I have outlined some ways that the government’s policy should reflect real initiatives to help small business in this country, and the coalition have done that on a number of occasions. Prior to Christmas we announced changes and reforms, albeit temporary, to the PAYG instalments system that we believed would assist small business. In addition to that we recently announced a detailed six-point small business action plan that was launched by the Leader of the Opposition and me to reinforce to those small business men and small business women how vitally important they are to Australia’s pathway to renewal and to economic recovery. Not one of those initiatives has been picked up by this government. Actually, I will correct myself. There was one initiative that was picked up by this government and amended. That was to do with the changes to the PAYG instalments payments. But the only other initiative that the Labor Party have come up with in 18 months, aside from all those initiatives which are pushing up small business costs, has been the announcement—in December, again in February and again last night—in different iterations for a 50 per cent investment allowance for small business.

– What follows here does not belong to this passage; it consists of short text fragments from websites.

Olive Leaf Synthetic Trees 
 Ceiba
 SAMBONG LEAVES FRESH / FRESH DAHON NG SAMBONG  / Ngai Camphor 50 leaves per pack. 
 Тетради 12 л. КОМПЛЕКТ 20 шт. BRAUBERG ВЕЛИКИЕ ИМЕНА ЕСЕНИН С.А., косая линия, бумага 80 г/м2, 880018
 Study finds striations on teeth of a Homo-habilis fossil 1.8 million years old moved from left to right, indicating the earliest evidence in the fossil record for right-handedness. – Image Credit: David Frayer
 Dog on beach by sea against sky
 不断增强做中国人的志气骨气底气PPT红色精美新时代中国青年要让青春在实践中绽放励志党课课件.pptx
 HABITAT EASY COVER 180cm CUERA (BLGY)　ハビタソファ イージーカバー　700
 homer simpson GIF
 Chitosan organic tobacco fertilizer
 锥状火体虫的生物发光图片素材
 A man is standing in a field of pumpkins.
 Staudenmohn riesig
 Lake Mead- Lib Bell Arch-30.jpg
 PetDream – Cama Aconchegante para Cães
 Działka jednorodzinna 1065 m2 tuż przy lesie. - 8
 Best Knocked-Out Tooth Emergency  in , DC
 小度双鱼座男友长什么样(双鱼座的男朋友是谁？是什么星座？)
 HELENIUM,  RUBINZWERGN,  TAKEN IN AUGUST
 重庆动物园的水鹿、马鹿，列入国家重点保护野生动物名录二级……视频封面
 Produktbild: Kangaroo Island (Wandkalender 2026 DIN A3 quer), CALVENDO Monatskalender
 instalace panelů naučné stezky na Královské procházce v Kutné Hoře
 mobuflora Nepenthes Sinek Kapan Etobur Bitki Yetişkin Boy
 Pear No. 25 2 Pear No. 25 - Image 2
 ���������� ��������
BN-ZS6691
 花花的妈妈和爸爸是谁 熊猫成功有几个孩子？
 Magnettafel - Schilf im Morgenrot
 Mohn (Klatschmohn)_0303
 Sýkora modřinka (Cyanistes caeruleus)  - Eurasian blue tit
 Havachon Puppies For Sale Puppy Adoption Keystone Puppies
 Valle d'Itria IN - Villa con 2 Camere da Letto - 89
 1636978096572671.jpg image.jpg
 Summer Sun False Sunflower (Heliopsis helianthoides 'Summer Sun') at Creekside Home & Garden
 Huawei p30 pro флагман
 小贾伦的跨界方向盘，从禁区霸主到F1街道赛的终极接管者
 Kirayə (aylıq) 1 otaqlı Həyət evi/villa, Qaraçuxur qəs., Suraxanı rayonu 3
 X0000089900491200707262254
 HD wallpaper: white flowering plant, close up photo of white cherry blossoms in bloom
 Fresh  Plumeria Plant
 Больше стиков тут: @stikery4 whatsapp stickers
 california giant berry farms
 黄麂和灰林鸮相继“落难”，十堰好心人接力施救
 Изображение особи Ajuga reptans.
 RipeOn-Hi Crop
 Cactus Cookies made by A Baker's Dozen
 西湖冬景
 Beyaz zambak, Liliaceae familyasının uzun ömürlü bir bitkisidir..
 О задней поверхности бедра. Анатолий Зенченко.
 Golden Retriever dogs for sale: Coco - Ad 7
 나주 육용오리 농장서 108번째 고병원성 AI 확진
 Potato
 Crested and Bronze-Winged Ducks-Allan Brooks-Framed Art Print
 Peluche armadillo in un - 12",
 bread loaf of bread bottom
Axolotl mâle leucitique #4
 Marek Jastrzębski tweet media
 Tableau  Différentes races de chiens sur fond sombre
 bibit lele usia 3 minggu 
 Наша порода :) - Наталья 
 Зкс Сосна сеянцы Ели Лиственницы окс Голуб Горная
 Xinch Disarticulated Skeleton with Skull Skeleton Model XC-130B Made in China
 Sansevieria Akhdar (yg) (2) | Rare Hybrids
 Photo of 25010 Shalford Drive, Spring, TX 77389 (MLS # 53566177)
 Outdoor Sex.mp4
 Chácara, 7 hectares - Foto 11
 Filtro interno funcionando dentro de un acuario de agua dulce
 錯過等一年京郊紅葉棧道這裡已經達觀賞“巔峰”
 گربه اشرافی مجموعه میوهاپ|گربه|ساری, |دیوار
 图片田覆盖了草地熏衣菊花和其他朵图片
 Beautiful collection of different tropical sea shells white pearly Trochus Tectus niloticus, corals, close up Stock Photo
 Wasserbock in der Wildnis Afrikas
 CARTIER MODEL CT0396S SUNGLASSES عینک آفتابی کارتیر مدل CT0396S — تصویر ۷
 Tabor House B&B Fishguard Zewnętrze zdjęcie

Do not get me wrong; there are some small businesses that will benefit from Labor’s announcement. It is not all bad news. I am not going to be typecast in anyway as being someone recklessly opposed to Labor’s initiatives, because this is not all bad news, as there are some small businesses that will benefit as a result of this announcement. But the problem is that so much more could have been done to assist Australia’s small businesses by this Labor government had they simply understood the needs of small business a little better. The fundamental issue that Labor just do not get is that, when times are tough, when sales are down and when costs are up, what just about every small business is facing is cash-flow stress. That means they are not sitting there on a bank vault full of money with the tills full of cash. Rather, small business owners are working the telephone and calling in those debts that need to be repaid promptly. They need the cash, they are under stress, the payments are slow to come in and they are not as much as they used to be. The outgoings have increased and, of course, they have got to pay wages.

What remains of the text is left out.